#### TASK TO CARRY OUT
Go through the listing below and retype exactly the lines starting at the one with "And as you can" and ending at the one with "When we're looking", skipping pictures.

#### EXCERPTED RECORDS
________________

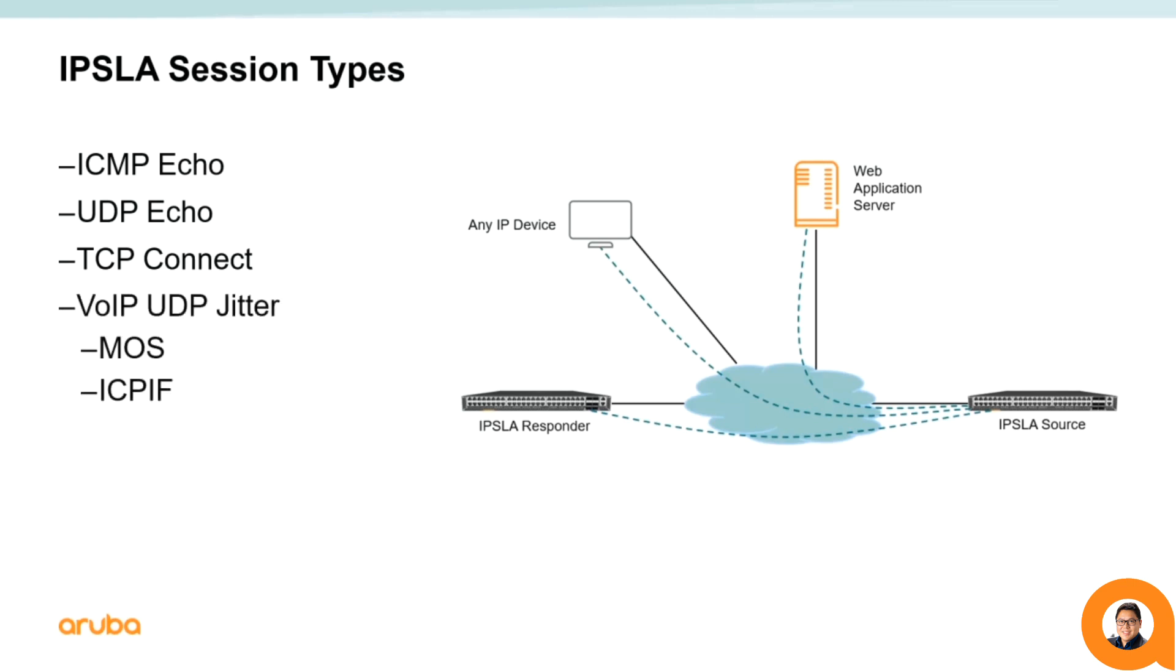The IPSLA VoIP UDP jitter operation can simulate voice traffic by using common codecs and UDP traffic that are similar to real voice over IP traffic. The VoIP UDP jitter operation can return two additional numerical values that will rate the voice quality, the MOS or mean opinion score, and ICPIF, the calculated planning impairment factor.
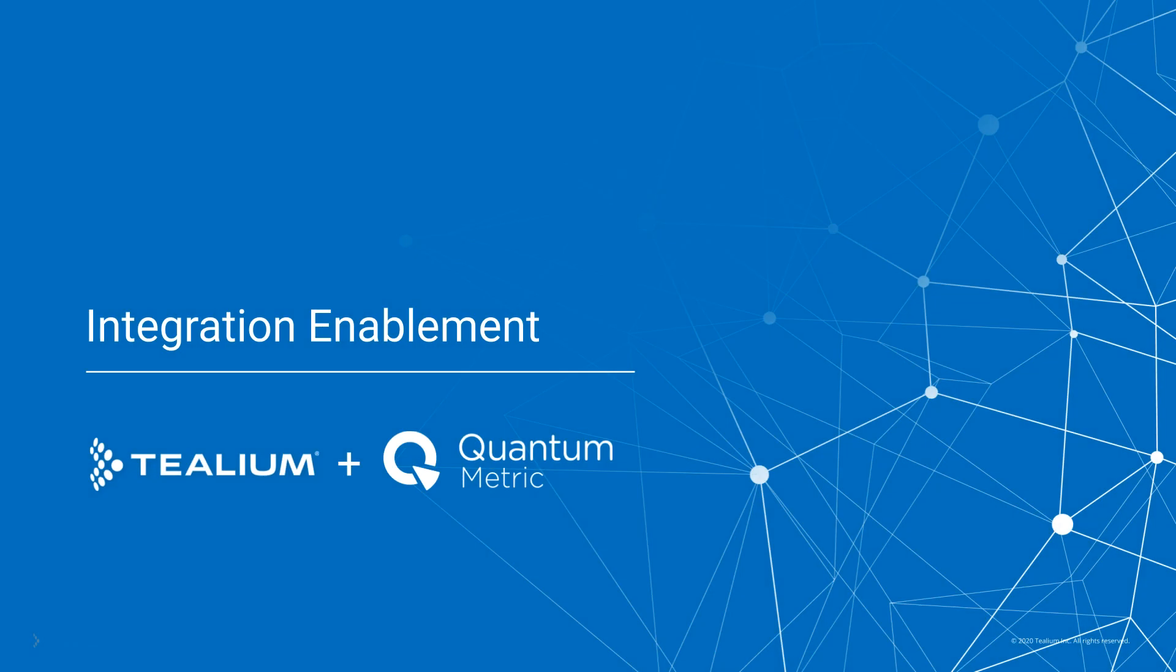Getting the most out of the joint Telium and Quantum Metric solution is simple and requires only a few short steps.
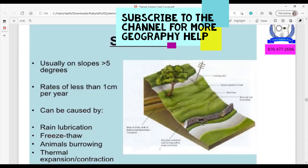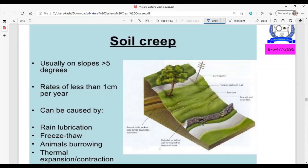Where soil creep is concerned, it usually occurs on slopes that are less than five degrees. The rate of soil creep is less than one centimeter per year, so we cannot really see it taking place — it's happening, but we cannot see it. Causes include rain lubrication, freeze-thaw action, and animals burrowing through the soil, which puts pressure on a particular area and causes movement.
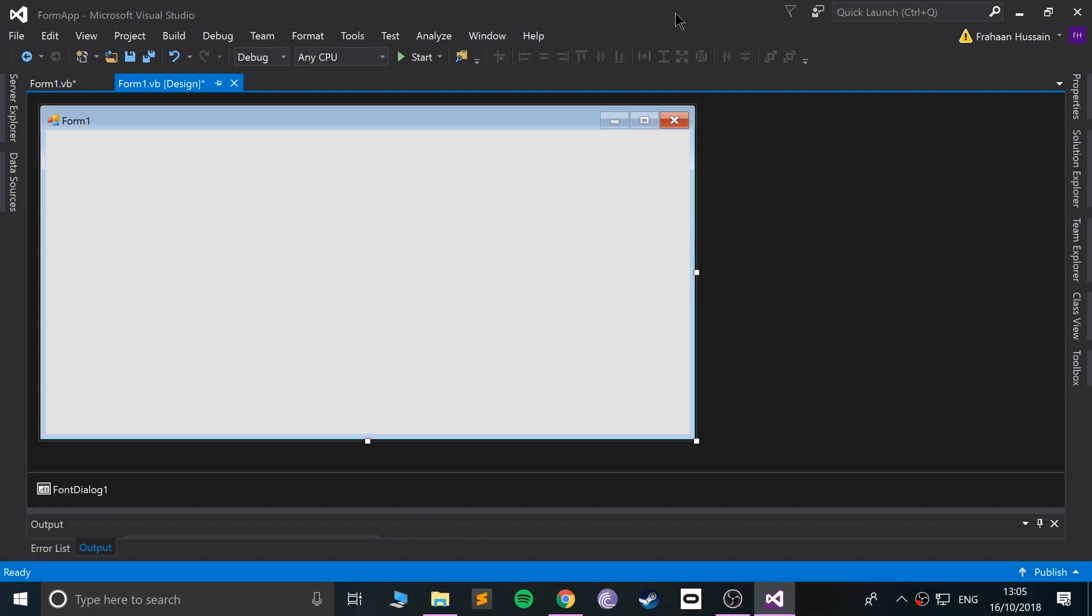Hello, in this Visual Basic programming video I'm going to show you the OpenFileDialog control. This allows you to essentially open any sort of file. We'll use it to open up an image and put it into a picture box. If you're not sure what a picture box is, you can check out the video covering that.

________________

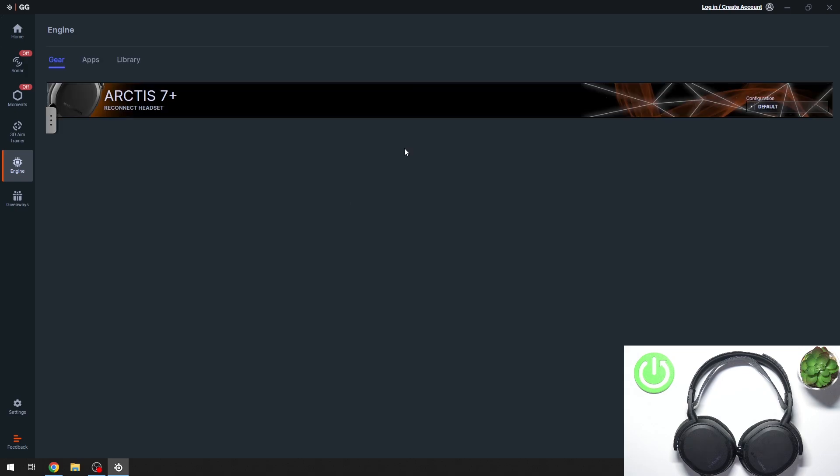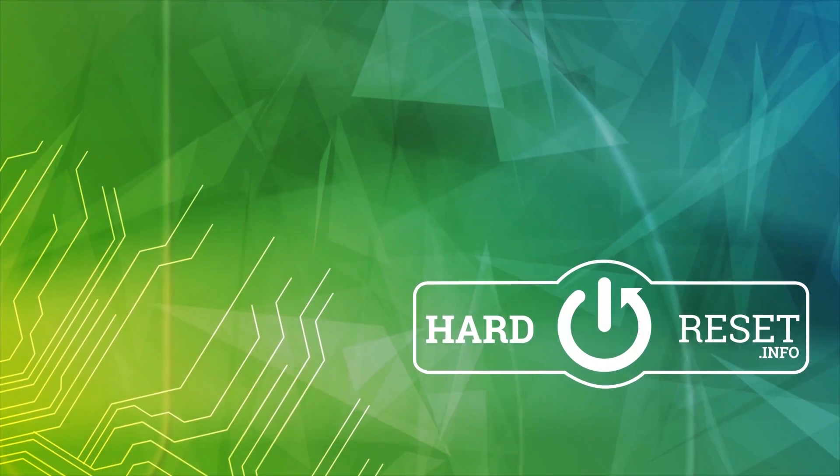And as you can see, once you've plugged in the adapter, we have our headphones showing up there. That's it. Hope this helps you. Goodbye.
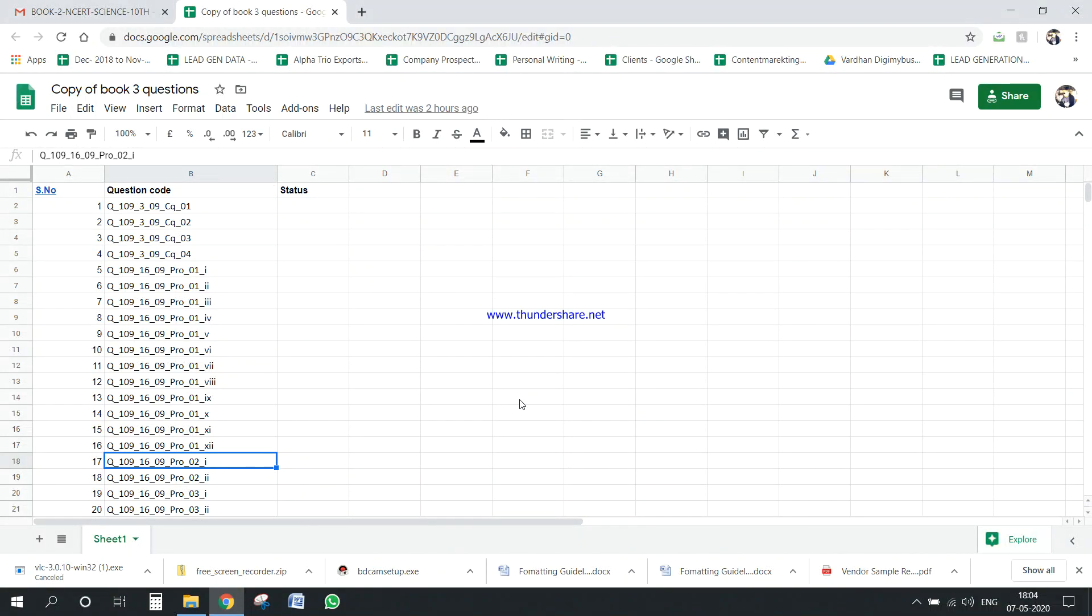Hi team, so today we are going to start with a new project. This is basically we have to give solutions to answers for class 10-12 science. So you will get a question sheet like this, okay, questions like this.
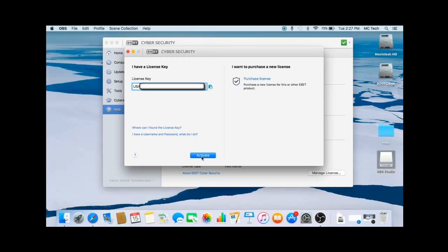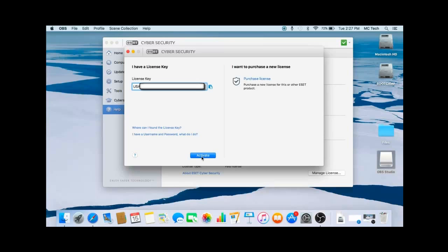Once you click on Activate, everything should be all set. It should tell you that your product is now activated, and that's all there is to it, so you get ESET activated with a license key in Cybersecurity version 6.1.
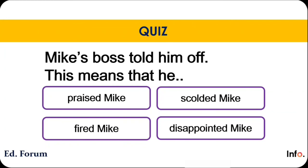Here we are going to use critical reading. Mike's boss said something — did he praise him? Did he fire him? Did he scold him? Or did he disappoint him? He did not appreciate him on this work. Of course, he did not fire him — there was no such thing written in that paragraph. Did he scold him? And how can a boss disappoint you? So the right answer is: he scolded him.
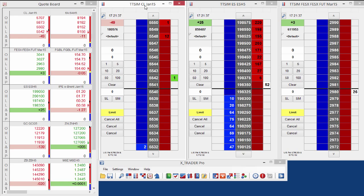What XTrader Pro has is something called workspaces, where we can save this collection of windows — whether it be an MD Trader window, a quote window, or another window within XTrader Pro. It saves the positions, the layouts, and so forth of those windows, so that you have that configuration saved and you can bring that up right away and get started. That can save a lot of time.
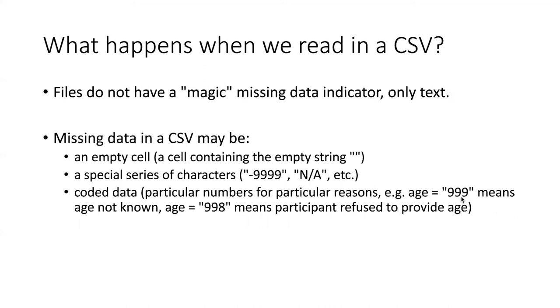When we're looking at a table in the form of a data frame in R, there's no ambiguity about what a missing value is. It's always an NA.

________________

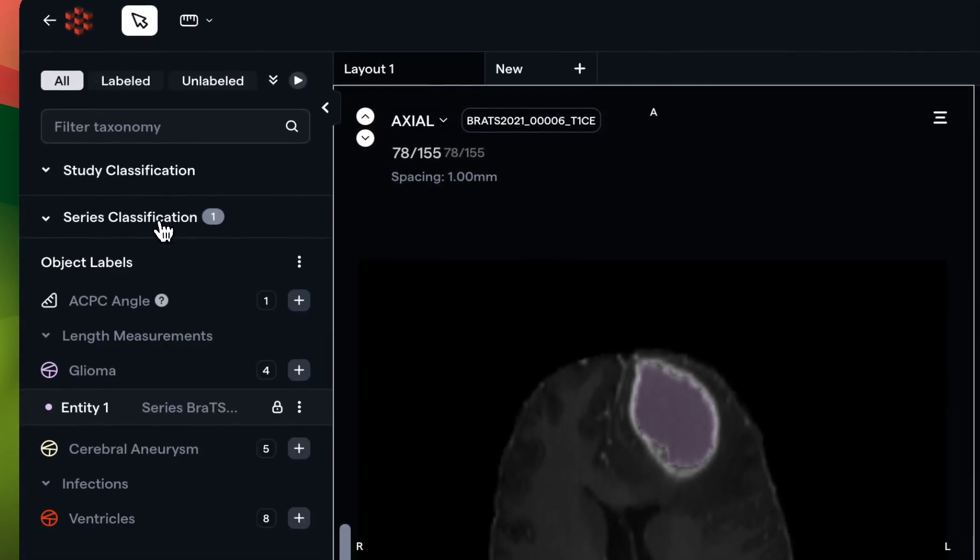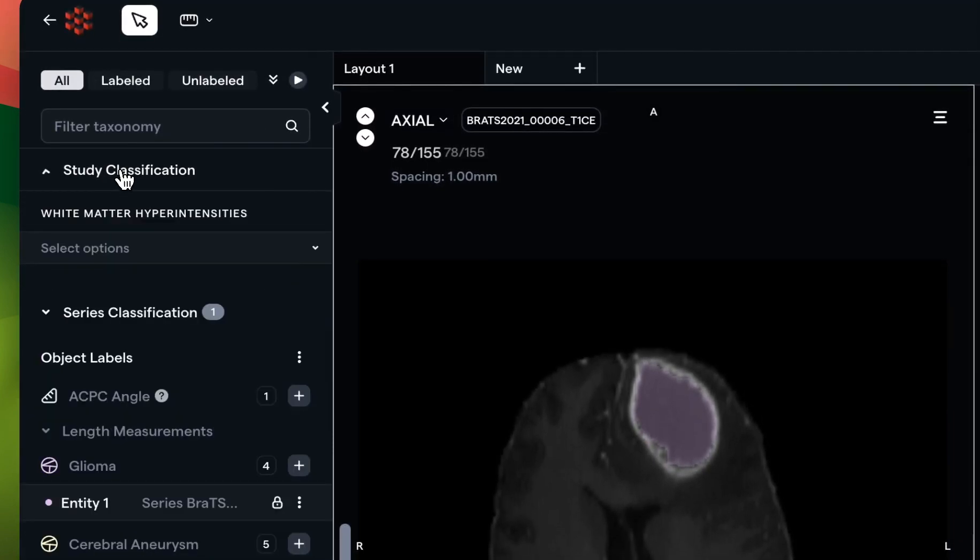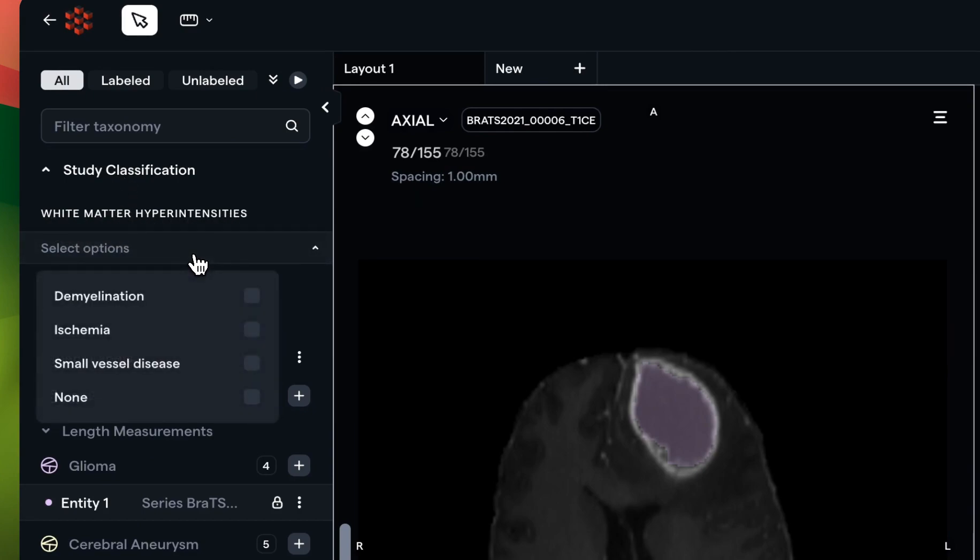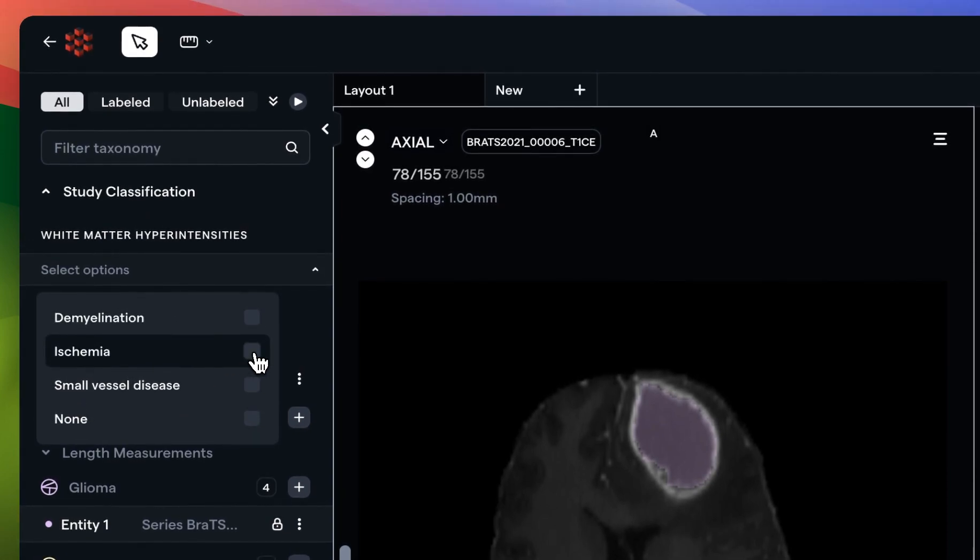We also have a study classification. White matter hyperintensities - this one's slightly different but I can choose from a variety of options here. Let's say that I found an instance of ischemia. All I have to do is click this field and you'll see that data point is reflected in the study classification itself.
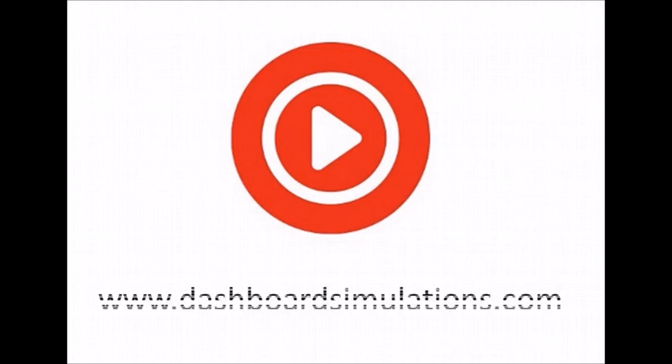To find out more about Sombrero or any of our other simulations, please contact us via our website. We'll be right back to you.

________________

#### EXPECTED ANSWER
And as you can see, once you've plugged in the adapter, we have our headphones showing up there. That's it. Hope this helps you. Goodbye.
Hi team, so today we are going to start with a new project. This is basically we have to give solutions to answers for class 10-12 science. So you will get a question sheet like this, okay, questions like this.
Once you click on Activate, everything should be all set. It should tell you that your product is now activated, and that's all there is to it, so you get ESET activated with a license key in Cybersecurity version 6.1.
Here we are going to use critical reading. Mike's boss said something — did he praise him? Did he fire him? Did he scold him? Or did he disappoint him? He did not appreciate him on this work. Of course, he did not fire him — there was no such thing written in that paragraph. Did he scold him? And how can a boss disappoint you? So the right answer is: he scolded him.
What XTrader Pro has is something called workspaces, where we can save this collection of windows — whether it be an MD Trader window, a quote window, or another window within XTrader Pro. It saves the positions, the layouts, and so forth of those windows, so that you have that configuration saved and you can bring that up right away and get started. That can save a lot of time.
When we're looking at a table in the form of a data frame in R, there's no ambiguity about what a missing value is. It's always an NA.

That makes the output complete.